In a recent interview, the Minister said of our policies:
It is a year since the Rogers report was published, yet what progress has been made towards a so-called urban renaissance? On that as on almost every other aspect of the responsibilities of the Department of the Environment, Transport and the Regions, Ministers have been rolled over by the Treasury--on urban regeneration, on housing repairs and renovation, on the VAT regime for development and on new infrastructure for those areas where the Government want to impose all the new housing. What are they doing about streamlining the planning system so that it is quicker and cheaper and reflects more closely the views of local people? Conservative Members think that the whole planning system needs a thorough overhaul.

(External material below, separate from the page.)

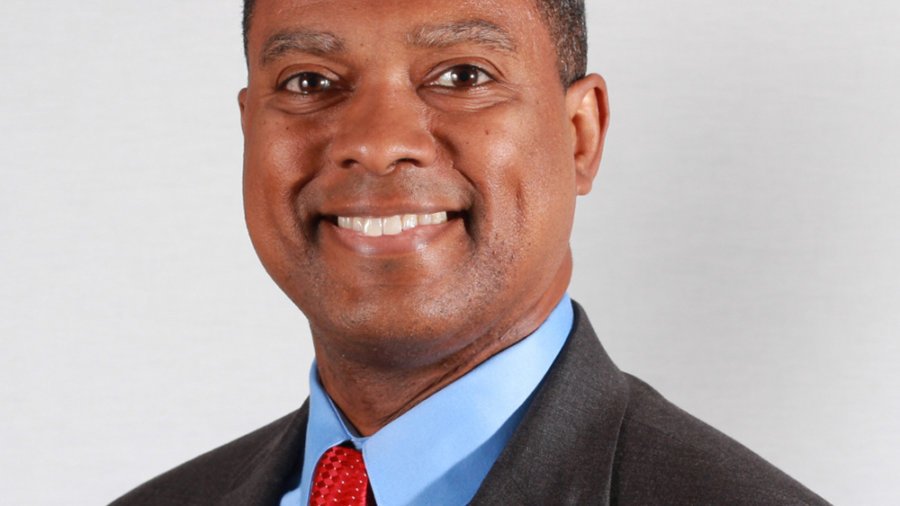 headshot of Gerard Robinson smiling and facing the camera wearing a black suit blue shirt and red tie color photo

The Minister and Lord Falconer have one thing in common--their fondness for talking about ordinary people. However, we are not talking about Labour Members who are whisked from one luxury residence to another in the back of a chauffeur-driven Jag. We are talking about people who have worked hard all their lives and moved to an area whose natural beauty attracted them, or perhaps about those who were born in such an area and have lived there all their lives. No doubt Ministers would disparagingly refer to their concerns as nimbyism, but I prefer to regard them as positive parochialism. Those people are right to be worried because they know that, often, services in their locality are already stretched to breaking point and not getting better under the
Government. They know that schools, health services and transport infrastructure--let alone natural resources such as water--are under pressure.Interestingly, when the Deputy Prime Minister was interviewed on "Breakfast with Frost" the other day, he said, "What they want is an intelligent discussion, but take the Tories: they have gone to their Tory friends in Serplan and said, 'Vote against this because we want to make it an election issue.' Well, if they want to say there should be more executive homes at the expense of perhaps decent houses"--[Interruption.] Ah, the Minister for Local Government and the Regions has joined us. I recognise the timbre of her voice.
The Deputy Prime Minister concluded, "I am on the side of the many, not the few." The message for most people is, "The many not the few will be coming very soon to a greenfield site near you." I say to the Minister for Housing and Planning that he, the Minister for Local Government and the Regions and the Deputy Prime Minister will not be at the controls when the bulldozers move in to concrete over the countryside, but they may as well be. I promise them that those who have to live with the consequences of the Government's broken promises and their own broken dreams will know whom to blame. They will exact their revenge on Labour Members and Labour councillors who have failed to stand up for their local communities. I urge my right hon. and hon. Friends to support the motion.